TASK DIRECTIONS =>
Using the data below, repeat all of it precisely.

INFORMATION SHOWN =>
##########

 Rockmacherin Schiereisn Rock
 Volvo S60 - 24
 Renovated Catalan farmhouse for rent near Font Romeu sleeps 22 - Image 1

##########

PROBLEM SOLUTION =>
 Rockmacherin Schiereisn Rock
 Volvo S60 - 24
 Renovated Catalan farmhouse for rent near Font Romeu sleeps 22 - Image 1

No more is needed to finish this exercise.